→ Source records

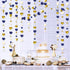 52Ft Valentines Day Party Decorations - Navy Blue Gold Love Heart Garland, Royal Blue Gold Hanging Streamer Banner for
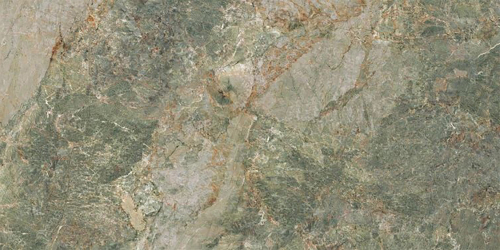 AllandCabinet Green Forest Sintered Stone Countertop Modular Kitchen Cabinets 1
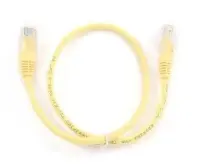 PATCH CABLE CAT5E UTP 0.5M/PP12-0.5M/Y GEMBIRD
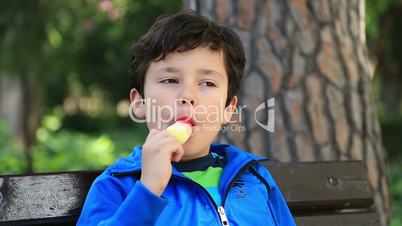 Child eating icecream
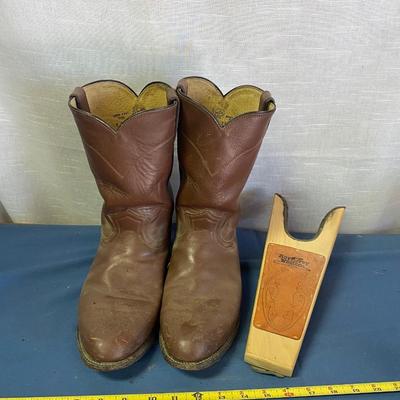 9 EE Justin Roper Boots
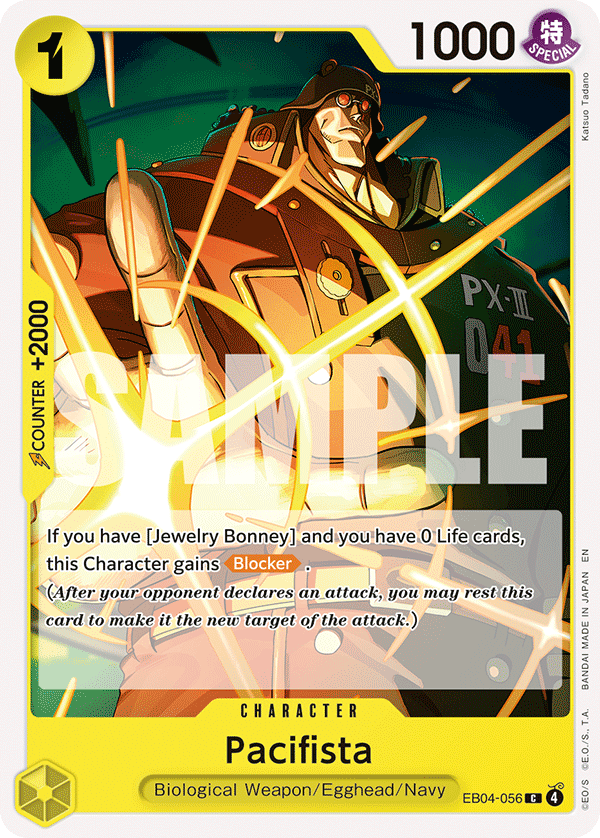 Carte Pacifista EB04-056 Common — One Piece TCG OP15-EB04 Adventure on Kami's Island (Bandai)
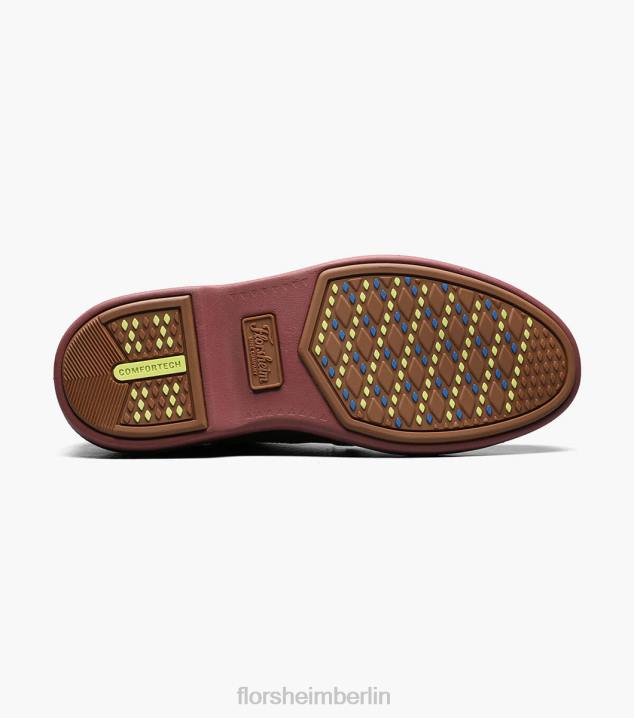 D280453 braunes Ch Schuhwerk Kinder Florsheim supacush jr. Oxford mit schlichter Zehenpartie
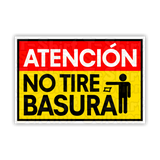 No tire basura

→ Work task
The records above need to be restated word for word, with the pictures left out.

→ Response to the task
 52Ft Valentines Day Party Decorations - Navy Blue Gold Love Heart Garland, Royal Blue Gold Hanging Streamer Banner for
 AllandCabinet Green Forest Sintered Stone Countertop Modular Kitchen Cabinets 1
 PATCH CABLE CAT5E UTP 0.5M/PP12-0.5M/Y GEMBIRD
 Child eating icecream
 9 EE Justin Roper Boots
 Carte Pacifista EB04-056 Common — One Piece TCG OP15-EB04 Adventure on Kami's Island (Bandai)
 D280453 braunes Ch Schuhwerk Kinder Florsheim supacush jr. Oxford mit schlichter Zehenpartie
 No tire basura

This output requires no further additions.